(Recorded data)

+ + + + +

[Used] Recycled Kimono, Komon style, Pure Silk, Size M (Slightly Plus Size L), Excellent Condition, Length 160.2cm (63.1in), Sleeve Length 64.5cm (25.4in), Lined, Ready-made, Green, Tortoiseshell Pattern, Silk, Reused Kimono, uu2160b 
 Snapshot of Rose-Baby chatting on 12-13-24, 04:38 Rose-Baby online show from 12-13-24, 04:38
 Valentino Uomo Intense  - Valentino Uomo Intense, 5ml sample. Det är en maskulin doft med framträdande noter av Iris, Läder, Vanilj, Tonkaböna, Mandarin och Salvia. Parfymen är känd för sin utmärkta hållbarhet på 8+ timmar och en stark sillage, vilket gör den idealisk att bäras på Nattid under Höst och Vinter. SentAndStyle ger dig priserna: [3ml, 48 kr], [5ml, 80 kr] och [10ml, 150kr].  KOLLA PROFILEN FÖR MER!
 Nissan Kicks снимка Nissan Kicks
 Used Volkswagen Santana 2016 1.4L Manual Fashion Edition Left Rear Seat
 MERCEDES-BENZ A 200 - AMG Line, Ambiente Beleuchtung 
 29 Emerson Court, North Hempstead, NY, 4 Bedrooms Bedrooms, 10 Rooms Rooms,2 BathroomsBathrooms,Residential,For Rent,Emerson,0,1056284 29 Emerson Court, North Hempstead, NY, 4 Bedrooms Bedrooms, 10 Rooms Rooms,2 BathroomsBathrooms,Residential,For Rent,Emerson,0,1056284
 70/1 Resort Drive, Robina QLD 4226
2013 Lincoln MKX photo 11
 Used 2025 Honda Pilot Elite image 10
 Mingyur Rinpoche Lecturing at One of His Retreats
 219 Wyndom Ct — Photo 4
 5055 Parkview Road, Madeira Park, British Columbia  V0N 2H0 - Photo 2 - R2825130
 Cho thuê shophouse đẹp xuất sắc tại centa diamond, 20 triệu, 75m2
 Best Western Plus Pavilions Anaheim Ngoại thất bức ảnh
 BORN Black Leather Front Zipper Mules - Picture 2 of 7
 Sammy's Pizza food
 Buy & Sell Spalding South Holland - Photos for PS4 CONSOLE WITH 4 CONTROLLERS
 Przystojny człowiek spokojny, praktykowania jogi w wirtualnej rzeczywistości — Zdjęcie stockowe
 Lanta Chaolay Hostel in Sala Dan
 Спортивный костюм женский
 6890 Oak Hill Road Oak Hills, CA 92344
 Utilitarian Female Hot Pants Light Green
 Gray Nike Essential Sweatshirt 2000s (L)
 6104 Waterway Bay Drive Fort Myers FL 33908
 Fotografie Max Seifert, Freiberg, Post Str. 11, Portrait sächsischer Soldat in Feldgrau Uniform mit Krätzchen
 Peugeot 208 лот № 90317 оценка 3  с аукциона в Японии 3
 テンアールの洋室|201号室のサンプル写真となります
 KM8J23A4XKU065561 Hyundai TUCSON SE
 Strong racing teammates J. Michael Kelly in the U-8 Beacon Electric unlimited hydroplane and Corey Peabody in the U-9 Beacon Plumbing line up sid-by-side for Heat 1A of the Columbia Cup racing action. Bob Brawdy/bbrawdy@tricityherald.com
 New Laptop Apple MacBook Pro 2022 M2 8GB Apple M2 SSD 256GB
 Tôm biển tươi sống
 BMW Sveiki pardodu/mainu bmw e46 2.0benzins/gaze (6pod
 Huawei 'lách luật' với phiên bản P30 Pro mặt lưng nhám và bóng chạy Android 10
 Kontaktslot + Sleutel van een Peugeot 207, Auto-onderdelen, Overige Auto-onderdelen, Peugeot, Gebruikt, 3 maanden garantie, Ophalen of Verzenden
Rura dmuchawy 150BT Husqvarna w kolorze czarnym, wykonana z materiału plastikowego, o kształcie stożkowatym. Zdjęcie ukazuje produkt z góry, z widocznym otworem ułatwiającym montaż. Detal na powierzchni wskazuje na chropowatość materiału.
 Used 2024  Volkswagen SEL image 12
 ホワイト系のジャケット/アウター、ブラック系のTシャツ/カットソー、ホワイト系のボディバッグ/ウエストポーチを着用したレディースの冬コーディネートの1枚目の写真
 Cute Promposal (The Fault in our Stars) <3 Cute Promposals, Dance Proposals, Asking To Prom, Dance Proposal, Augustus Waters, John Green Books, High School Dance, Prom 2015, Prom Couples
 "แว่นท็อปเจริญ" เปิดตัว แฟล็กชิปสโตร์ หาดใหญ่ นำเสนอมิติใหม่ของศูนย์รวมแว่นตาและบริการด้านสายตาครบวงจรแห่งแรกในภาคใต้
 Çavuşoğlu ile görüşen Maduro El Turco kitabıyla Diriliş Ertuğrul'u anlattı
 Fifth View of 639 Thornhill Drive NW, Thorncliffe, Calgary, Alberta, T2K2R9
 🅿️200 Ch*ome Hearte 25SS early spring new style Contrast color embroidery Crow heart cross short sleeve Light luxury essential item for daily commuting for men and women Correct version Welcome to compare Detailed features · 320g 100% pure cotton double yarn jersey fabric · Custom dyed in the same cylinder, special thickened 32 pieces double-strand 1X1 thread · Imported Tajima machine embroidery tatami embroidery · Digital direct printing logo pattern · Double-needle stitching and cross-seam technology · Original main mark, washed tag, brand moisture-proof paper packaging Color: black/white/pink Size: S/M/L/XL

+ + + + +

**Description of the task**
From the data above, output only the lines between the line containing "BathroomsBathrooms,Residential,For Rent,Emerson,0,1056284 29" and the line containing "テンアールの洋室|201号室のサンプル写真となります", inclusive, exactly as written.

**Answer space**
 29 Emerson Court, North Hempstead, NY, 4 Bedrooms Bedrooms, 10 Rooms Rooms,2 BathroomsBathrooms,Residential,For Rent,Emerson,0,1056284 29 Emerson Court, North Hempstead, NY, 4 Bedrooms Bedrooms, 10 Rooms Rooms,2 BathroomsBathrooms,Residential,For Rent,Emerson,0,1056284
 70/1 Resort Drive, Robina QLD 4226
2013 Lincoln MKX photo 11
 Used 2025 Honda Pilot Elite image 10
 Mingyur Rinpoche Lecturing at One of His Retreats
 219 Wyndom Ct — Photo 4
 5055 Parkview Road, Madeira Park, British Columbia  V0N 2H0 - Photo 2 - R2825130
 Cho thuê shophouse đẹp xuất sắc tại centa diamond, 20 triệu, 75m2
 Best Western Plus Pavilions Anaheim Ngoại thất bức ảnh
 BORN Black Leather Front Zipper Mules - Picture 2 of 7
 Sammy's Pizza food
 Buy & Sell Spalding South Holland - Photos for PS4 CONSOLE WITH 4 CONTROLLERS
 Przystojny człowiek spokojny, praktykowania jogi w wirtualnej rzeczywistości — Zdjęcie stockowe
 Lanta Chaolay Hostel in Sala Dan
 Спортивный костюм женский
 6890 Oak Hill Road Oak Hills, CA 92344
 Utilitarian Female Hot Pants Light Green
 Gray Nike Essential Sweatshirt 2000s (L)
 6104 Waterway Bay Drive Fort Myers FL 33908
 Fotografie Max Seifert, Freiberg, Post Str. 11, Portrait sächsischer Soldat in Feldgrau Uniform mit Krätzchen
 Peugeot 208 лот № 90317 оценка 3  с аукциона в Японии 3
 テンアールの洋室|201号室のサンプル写真となります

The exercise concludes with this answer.